Avec beaucoup de délicatesse et de sensibilité, Nora Dåsnes, qui s’est formée à l’illustration et à l’animation à Londres – et dont le premier roman graphique (L’année où je suis devenue ado) avait été sélectionnée en 2022 au festival d’Angoulême – livre un récit poignant et habité.
Expressifs, ses dessins mêlent la couleur rouge-orange, pour situer le jour de l’attentat, et les teintes bleutées, pour nous ancrer dans la réalité du moment. Le noir-et-blanc est utilisé pour nous entraîner dans les cauchemars de Rebekka, dont la vie ne semble pas facile par ailleurs. Un frère agressif et déprimé, une mère policière aimante mais dépassée par les événements, des lycéens qui ne la calculent pas…
Les ingrédients d’une adolescence malmenée sont disséminés avec justesse et gravité. Heureusement que, dans cet océan de doutes, Rebekka peut compter sur l’amitié indéfectible de Fariba et sur sa relation amoureuse naissante avec Daniel, un élève de première. Appels en absence est une BD qui invite à se questionner sur l’autre, sur l’existence, sur la peur du lendemain. Une belle réussite.
La fleur au fusil de Cédric Mayen et Cristiano Crescenzi – Dargaud – Juin 2024
Immortalisée par une photo saisissante où elle pose armes à la main, Michelina Di Cesare est l’héroïne de ce western mâtiné de sauce italienne façon ketchup, autrement dit rouge comme sang.
Nous sommes en 1868 et le pouvoir central italien maltraite sa population, au nom d’une unité territoriale dont ne veulent pas, entre autres, les petites gens de Campanie. C’est alors que se forment, face à l’oppression politique et au pouvoir masculin en place, des bandes de brigands fédérés par une femme. Du jamais vu à cette époque !
Avec La fleur au fusil, nous voici entraînés dans la spirale infernale du combat de David contre Goliath, de la trahison, de l’indépendance de cœur et d’esprit. Michelina en est le rouage principal, elle qui fut, très jeune, victime de la folie des hommes.

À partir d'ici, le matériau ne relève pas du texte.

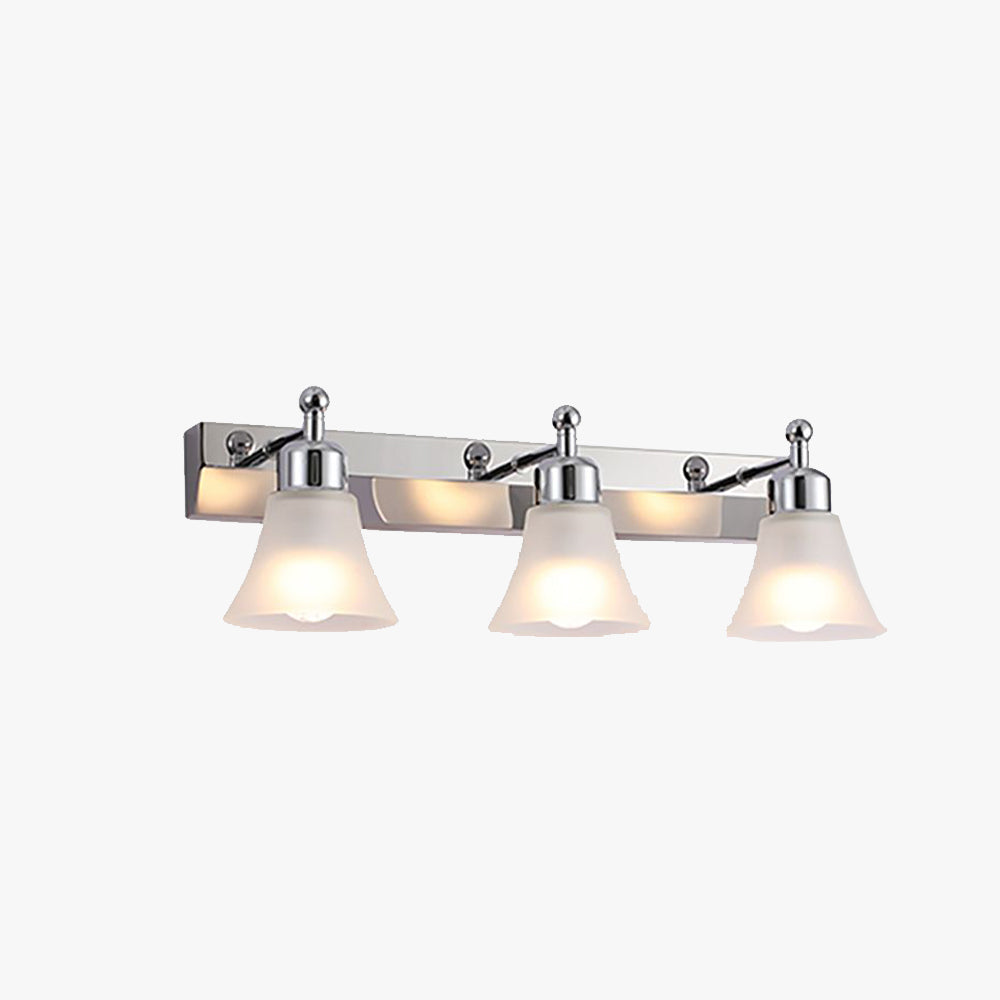 Leigh Nordic Flower Shaped Steel&Glass Bedroom Wall Lamps, Sliver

Mariée contre son gré à Rocco, qui l’a battue et violée, elle rencontre ensuite Guerra, le chef des bandits. Avec lui, ce sera à la vie, à la mort. D’entourloupes en embuscades, de guérillas en assauts répétés, Michelina se forge un destin à la hauteur d’une réputation tout aussi dure que sulfureuse.
Les couleurs chaudes de la BD, le découpage rythmé alternant plans serrés et dessins pleine page, ainsi que la palette de lumières déployée, donnent du caractère au récit, contribuant à renforcer le sentiment d’oppression vécu par les personnages. Histoire d’une aventure féministe, violente et tragique, La fleur au fusil se conclut par un portrait historique de Michelina Di Cesare, signé de la directrice du Louvre Lens Vallée, Margherita Balzerani.

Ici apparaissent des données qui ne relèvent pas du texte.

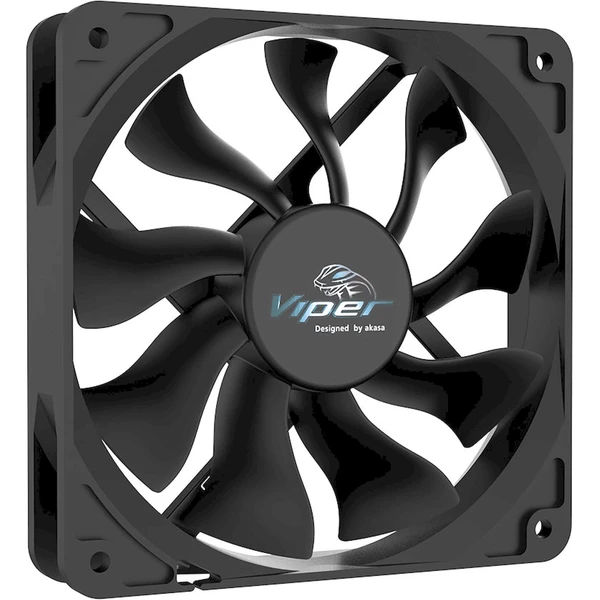 Akasa VIPER S-flow 120mm čierna - Ventilátory pre PC - Obrázok A9BJ000K01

Silence d’amour de Matthieu Parciboula – Casterman – Mai 2024
Il y a, dans Silence d’amour, nombre de sentiments qui s’expriment, tout en pudeur et retenue. En effet, nous y empruntons les pas de Paul, écrivain et compagnon de Sofia, décédée six mois auparavant. Chargée de la traduction italienne de son livre, la jeune femme était entrée dans sa vie par hasard. La rencontre avait eu lieu dans un café à Lyon. Elle s’était poursuivie par un dîner puis par des retrouvailles dans une petite maison de Toscane… Depuis, les deux amoureux ne s’étaient pas quittés.
La disparition brutale de Sofia a mis un terme prématuré à la belle histoire et, désormais, Paul est perdu, seul, totalement déprimé. L’absence de Sofia lui pèse jour et nuit. C’est son spleen et le cheminement de ses pensées que nous invite à appréhender Matthieu Parciboula, nous emmenant pour cela revisiter l’Italie et, plus particulièrement, l’île volcanique de Stromboli, là-même où Sofia fit ses tous premiers pas.
Malgré la nostalgie ambiante et le chagrin perceptible de Paul, la bande-dessinée, réalisée en couleurs directes, nous offre de très beaux tableaux de vie, effervescents et parfumés, comme l’Italie sait nous en proposer. Les enfants y jouent un rôle important, agissant comme une catharsis et ajoutant au récit une part touchante de sensibilité.
Assurément, Silence d’amour est un beau roman graphique, dont la lecture suscite un mélange de plaisir, de tristesse et d’empathie.